**Instructions to follow**
Below is a listing. Quote from it, exactly, the lines from the one containing "Oversize T - Shirt" down to the one containing "vidaXL TV Cabinet", both ends included, and nothing else.

**Records to use**
----

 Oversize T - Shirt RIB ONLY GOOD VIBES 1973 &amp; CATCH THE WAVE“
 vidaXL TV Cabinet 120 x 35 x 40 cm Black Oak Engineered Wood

----

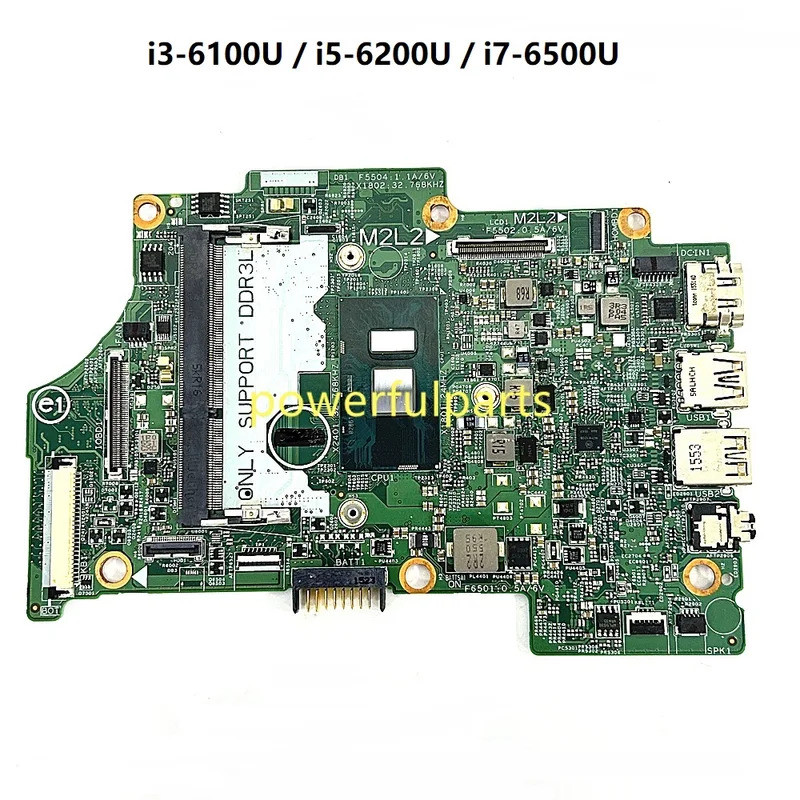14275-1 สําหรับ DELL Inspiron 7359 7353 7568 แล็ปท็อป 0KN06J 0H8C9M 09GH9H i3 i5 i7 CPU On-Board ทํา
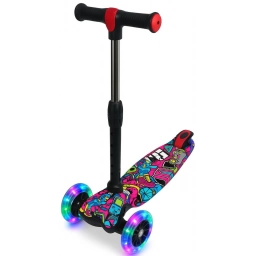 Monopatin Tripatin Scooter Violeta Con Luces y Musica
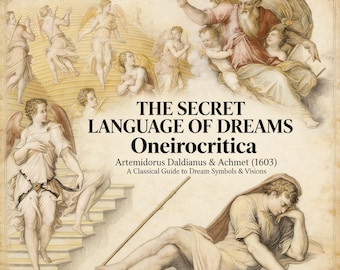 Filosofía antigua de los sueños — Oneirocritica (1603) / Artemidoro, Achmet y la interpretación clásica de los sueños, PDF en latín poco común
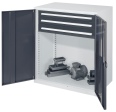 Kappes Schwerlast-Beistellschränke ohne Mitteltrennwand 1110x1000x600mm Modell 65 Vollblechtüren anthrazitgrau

----

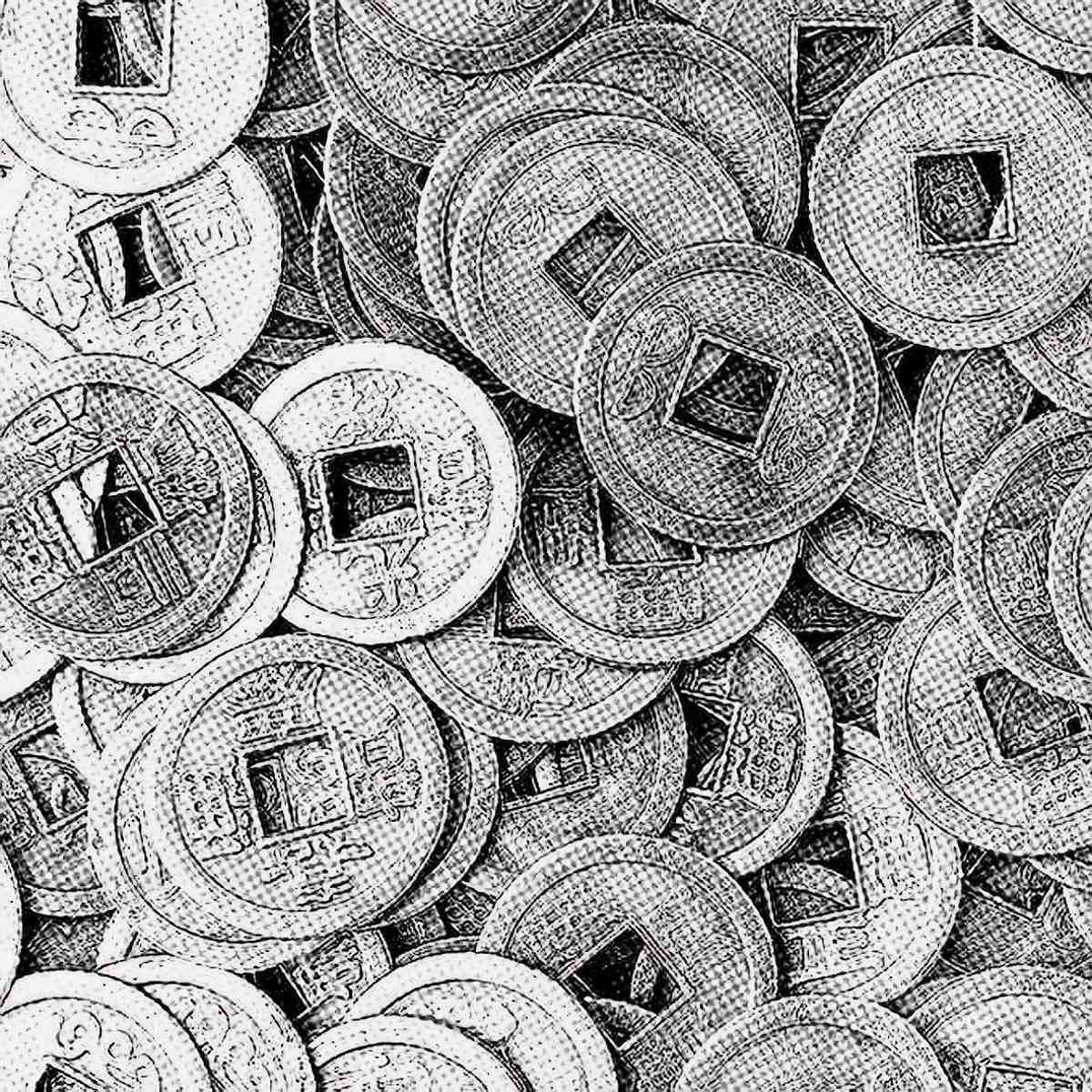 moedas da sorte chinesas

----

**Task solution**
 Oversize T - Shirt RIB ONLY GOOD VIBES 1973 &amp; CATCH THE WAVE“
 vidaXL TV Cabinet 120 x 35 x 40 cm Black Oak Engineered Wood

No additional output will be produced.